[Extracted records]
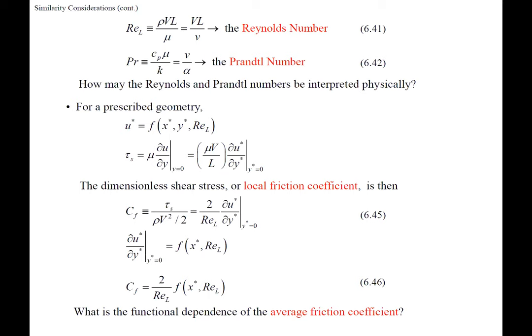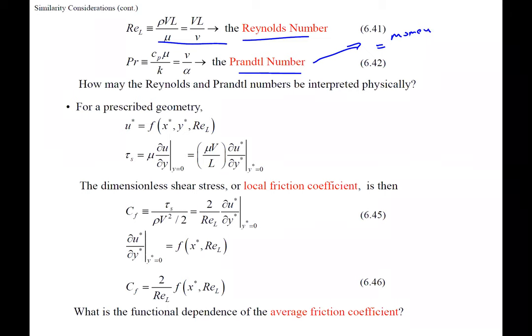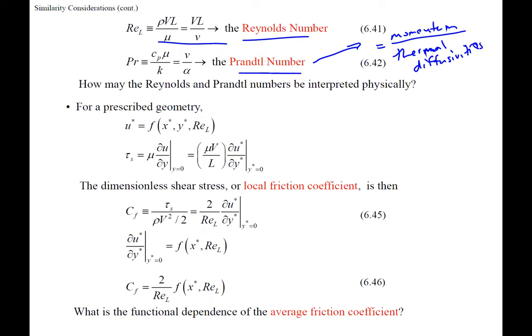We need to define these non-dimensional parameters. The Reynolds number we already know. The new one is the Prandtl number, which is the ratio of momentum diffusivity to thermal diffusivity. The Prandtl number indicates whether the velocity boundary layer grows faster than the thermal boundary layer or vice versa — it defines the relative thickness of the two boundary layers.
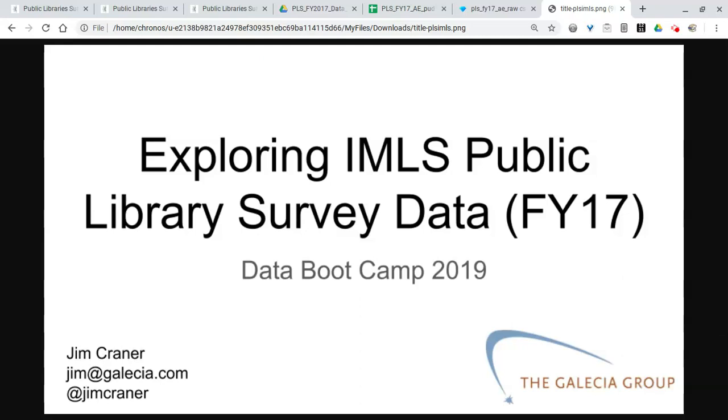Hi everyone, I'm Jim Cranor from the Galicia Group and in today's video we're going to explore the new IMLS public library survey data set for fiscal year 2017.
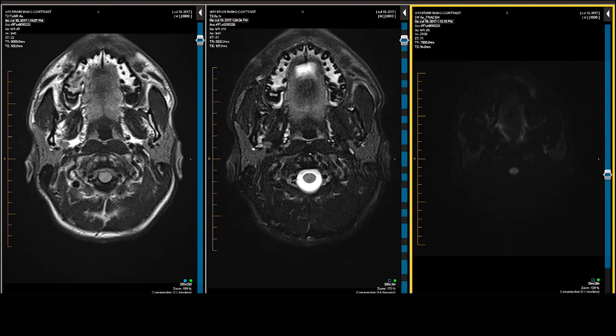On T2-weighted scanning, demyelinating plaques are better seen in the infratentorial area. So initially we look at the cerebellum and brainstem on the T2-weighted scan. Then as we shift to the supratentorial space, the FLAIR scan becomes the dominant, most accurate way of evaluating because of the Virchow-Robin perivascular space issue. I also have the diffusion-weighted scan up to look for active demyelination with cytotoxic edema, and to exclude another entity such as a stroke that could be simulating multiple sclerosis.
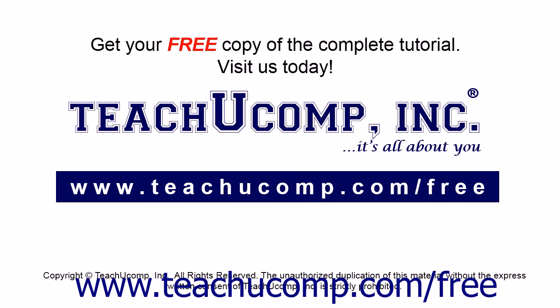Get your free copy of the complete tutorial at www.teachucomp.com forward slash free.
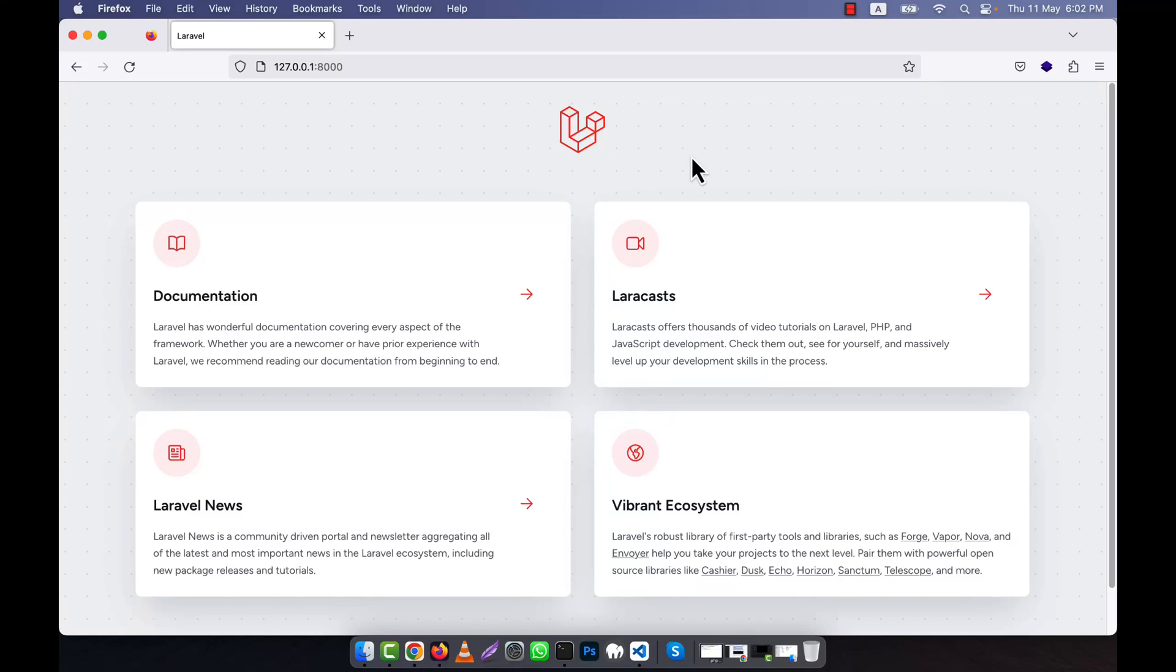Now I will discuss one of the most important things in Laravel, and that is routes. What is a route actually? Routes define the entry points or endpoints of your application which map incoming requests to the appropriate controller or closure for handling the request.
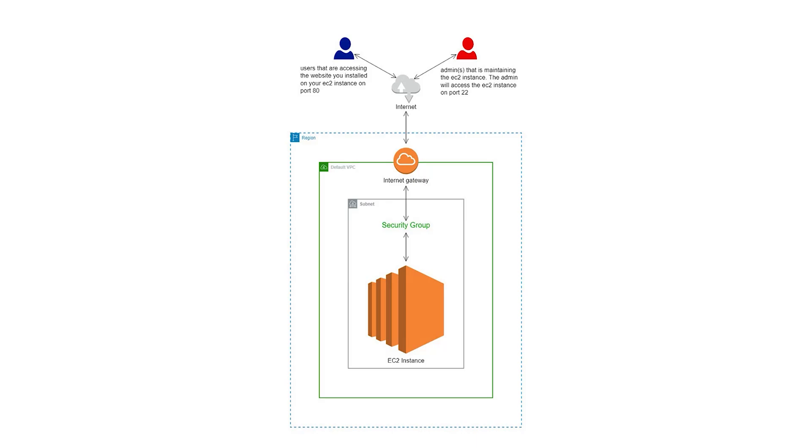We are going to use this reference architecture to complete this project. According to our reference architecture, we will launch our EC2 instance in a subnet in our default VPC.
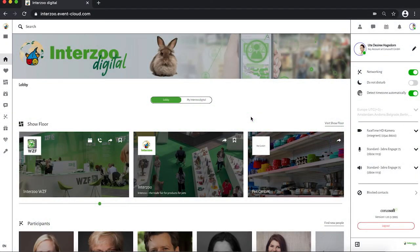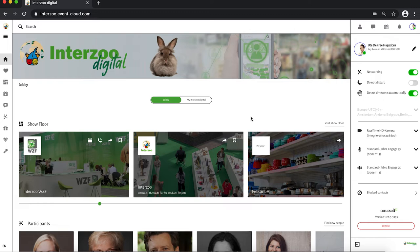Welcome to Interzoo Digital. As soon as you have registered successfully and completed your personal profile, you're all set.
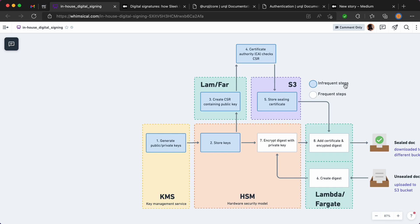Now I've got a key here so the blue circle is for steps that will happen once, maybe twice a year. These won't happen that often, and for the white circle or the white boxes, these are steps that will happen each time a document needs to be signed.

Your assignment: All lines above are to be restated word for word, with pictures excluded.

Task solution:
We need to define these non-dimensional parameters. The Reynolds number we already know. The new one is the Prandtl number, which is the ratio of momentum diffusivity to thermal diffusivity. The Prandtl number indicates whether the velocity boundary layer grows faster than the thermal boundary layer or vice versa — it defines the relative thickness of the two boundary layers.
Hi everyone, I'm Jim Cranor from the Galicia Group and in today's video we're going to explore the new IMLS public library survey data set for fiscal year 2017.
On T2-weighted scanning, demyelinating plaques are better seen in the infratentorial area. So initially we look at the cerebellum and brainstem on the T2-weighted scan. Then as we shift to the supratentorial space, the FLAIR scan becomes the dominant, most accurate way of evaluating because of the Virchow-Robin perivascular space issue. I also have the diffusion-weighted scan up to look for active demyelination with cytotoxic edema, and to exclude another entity such as a stroke that could be simulating multiple sclerosis.
Get your free copy of the complete tutorial at www.teachucomp.com forward slash free.
Now I will discuss one of the most important things in Laravel, and that is routes. What is a route actually? Routes define the entry points or endpoints of your application which map incoming requests to the appropriate controller or closure for handling the request.
We are going to use this reference architecture to complete this project. According to our reference architecture, we will launch our EC2 instance in a subnet in our default VPC.
Welcome to Interzoo Digital. As soon as you have registered successfully and completed your personal profile, you're all set.
Now I've got a key here so the blue circle is for steps that will happen once, maybe twice a year. These won't happen that often, and for the white circle or the white boxes, these are steps that will happen each time a document needs to be signed.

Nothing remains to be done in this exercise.